- THE TASK
Transcribe every line below exactly; no image goes into the output.

- SOURCE MATERIAL
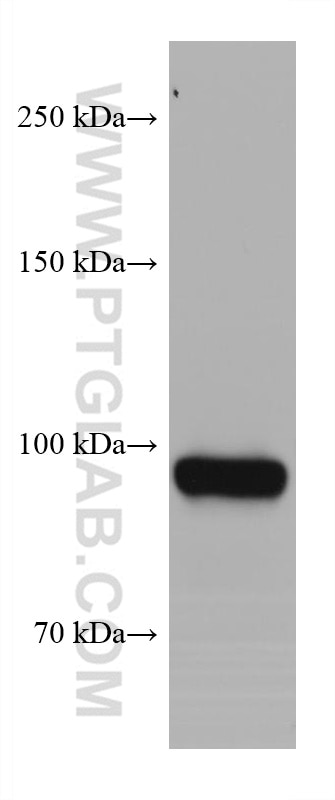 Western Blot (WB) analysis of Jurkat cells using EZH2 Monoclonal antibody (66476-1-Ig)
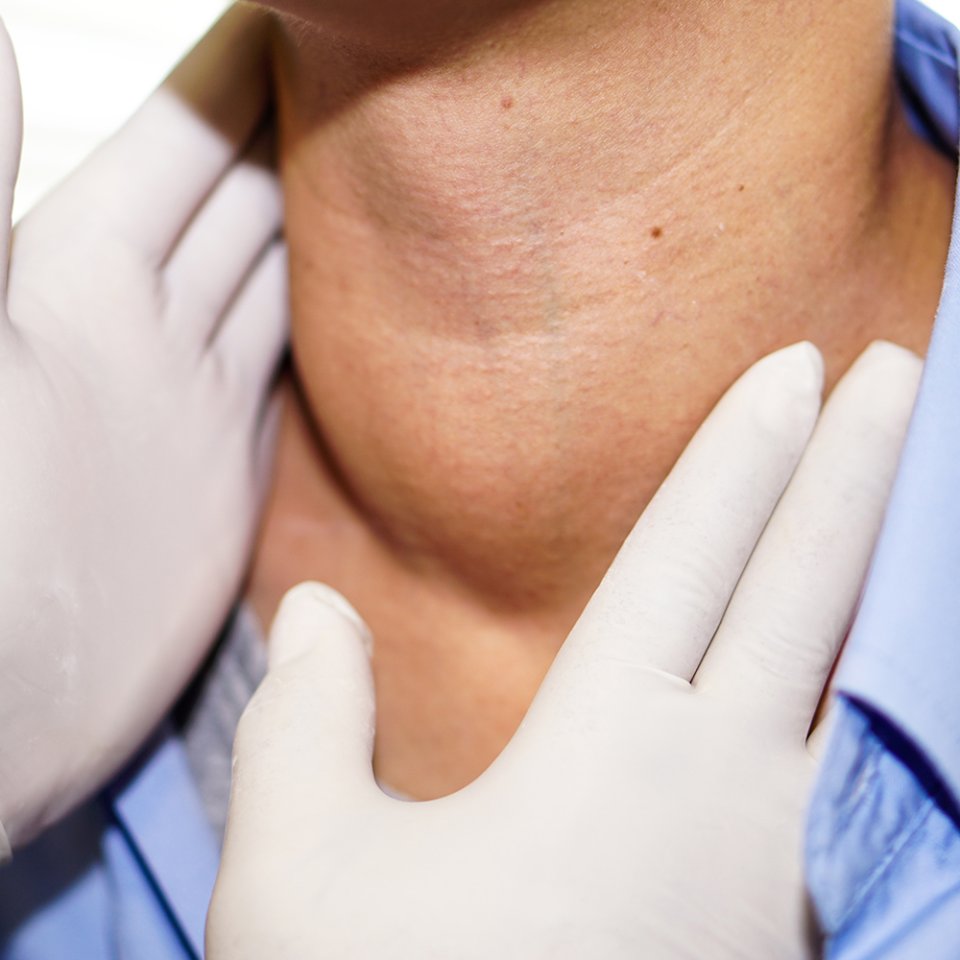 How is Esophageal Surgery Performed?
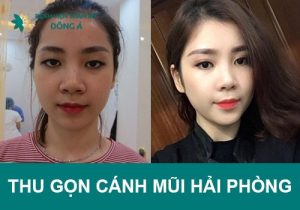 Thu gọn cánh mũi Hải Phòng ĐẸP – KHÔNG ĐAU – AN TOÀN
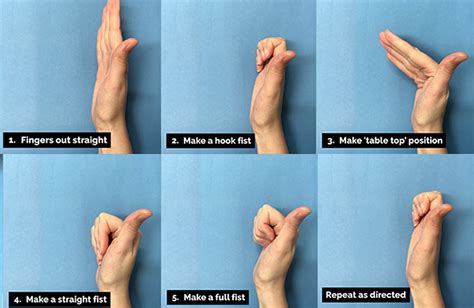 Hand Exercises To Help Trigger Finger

- REPLY
 Western Blot (WB) analysis of Jurkat cells using EZH2 Monoclonal antibody (66476-1-Ig)
 How is Esophageal Surgery Performed?
 Thu gọn cánh mũi Hải Phòng ĐẸP – KHÔNG ĐAU – AN TOÀN
 Hand Exercises To Help Trigger Finger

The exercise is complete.